I disagree with this argument. I think it's full of assumptions that don't hold up. That's all.
I agree it has little to do with the subject at hand.
"I think that Nobel prizewinners per capita is very useful as a measure of the level of creativity and inventiveness produced or fostered on average by an education system."
Why not look at the number of artists per capita, if you are interested in judging relative creativity and inventiveness?
Nobel prizes are given for contributions to peace, science, and literature. Surely the peace prizes are not a measure of creativity & inventiveness in a generation, and neither is literature necessarily "inventive". Do you think science prizes are given to the most creative & inventive people of their generation? Sorry, but I really don't understand how this is relevant to nurseries in particular.
Oh and I love the fact that childcare is subsidised here. Meant we could afford a nanny to look after DS, which I'm much happier with than crèche.
I do think 3 is young for school but also I think that the school is adapted to 3 year old IYSWIM.
I also think that no uniforms is no bad thing...
Agree with PP that the title is inflamatory.
And with PPs who said that spending 2 days in French nurseries does not give you enough information to make sweeping generalisations!
DS will be starting école maternelle just before his 3rd birthday. I was a bit hesitant but our friends' DS is thriving at ecole maternelle and really loves it. Whenever we visit he shows us his latest drawings etc.and tells us stories about the playground and the sports he does.
I think routine is no bad thing. As for set toilet breaks I think this is really good for reminding little ones to go! Set toilet breaks does not mean just one a day
DH went through the French school system as did many of my friends and colleagues. They've all excelled both at school and at work.

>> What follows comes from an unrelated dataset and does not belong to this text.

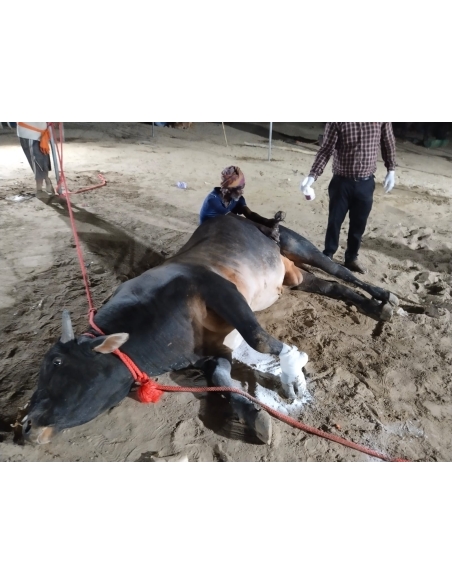 Leg Fractured Nandi baba- Sector 45 Noida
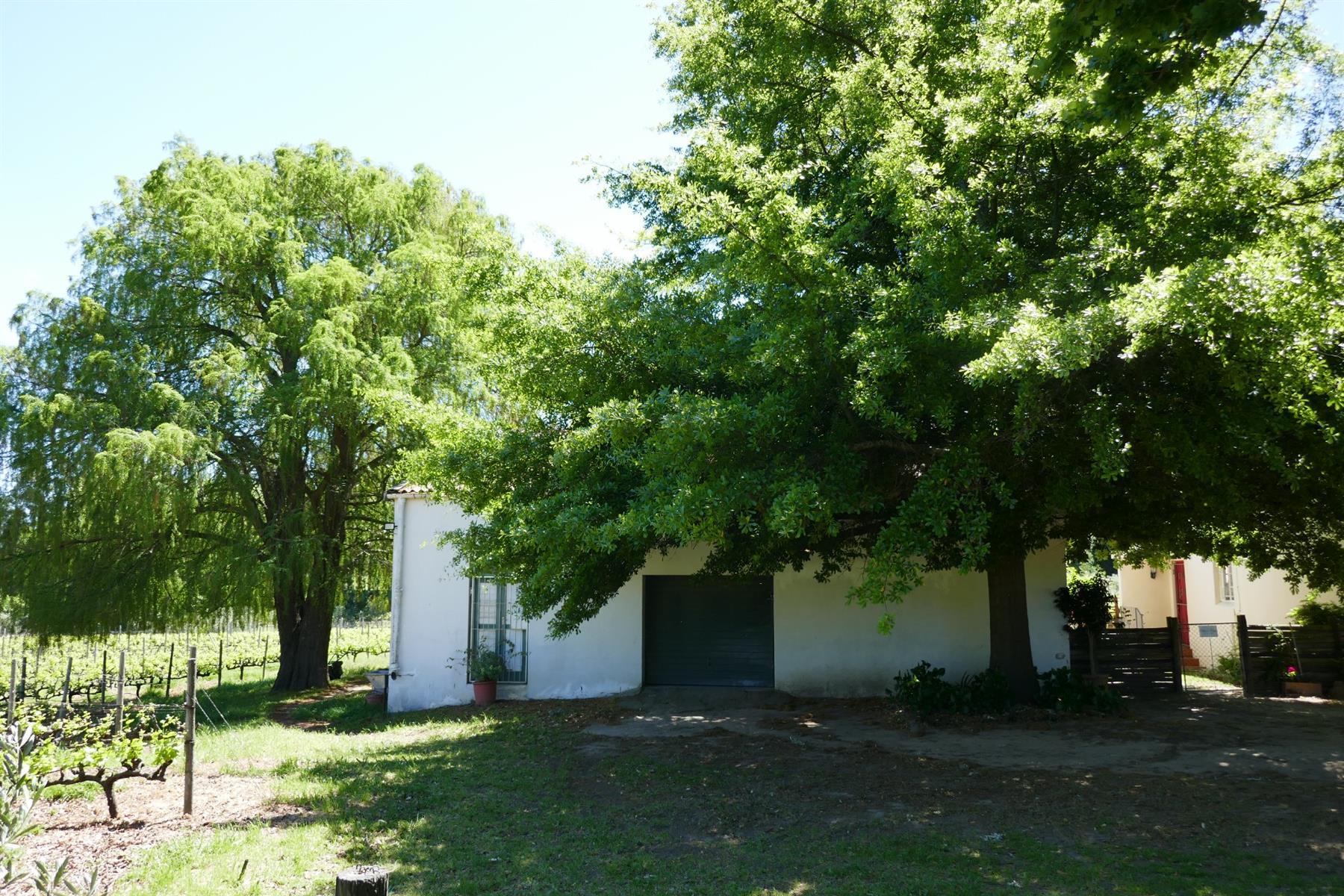 Image 52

I did wonder about international school but as we're most likely staying in France for ever, I think it'll be best for our DC to go through the French system.

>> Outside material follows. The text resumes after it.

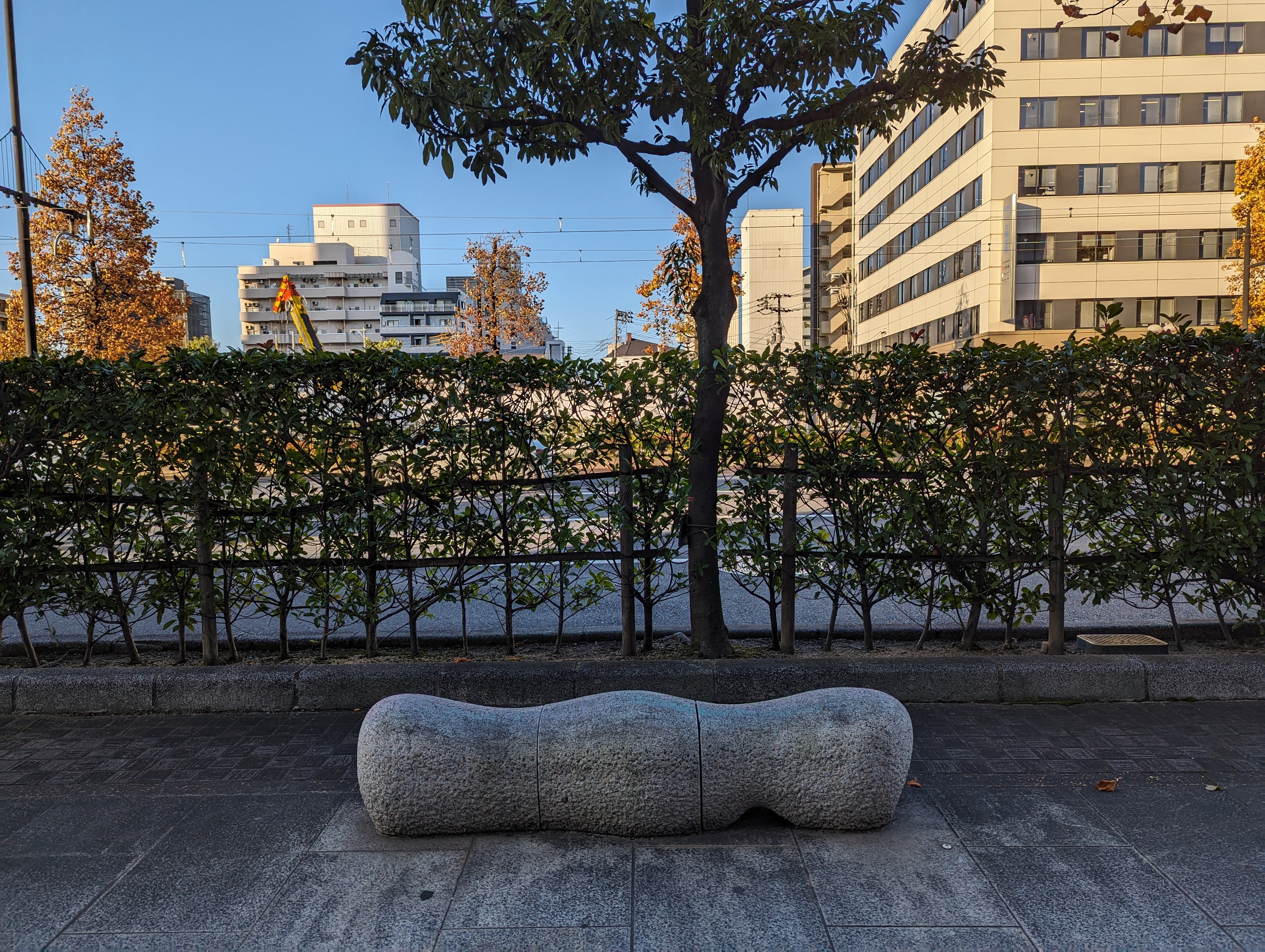 ハレクロスタワー前 歩道沿いの写真1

@FF: Yes, I know. I think age 4 is too young to start formal, full days of school, full stop - whether Scottish or English or any other nationality. I don't think my DSD (also a Feb birthday) should have been allowed to start school at the age she was. I know she could have been deferred with no issues, but the teenage girls at her nursery thought she was ready, and my DH and his exW were under a lot of financial stress at the time, so had a very pressing incentive to cut down on nursery costs as quickly as possible. Since they could, they did.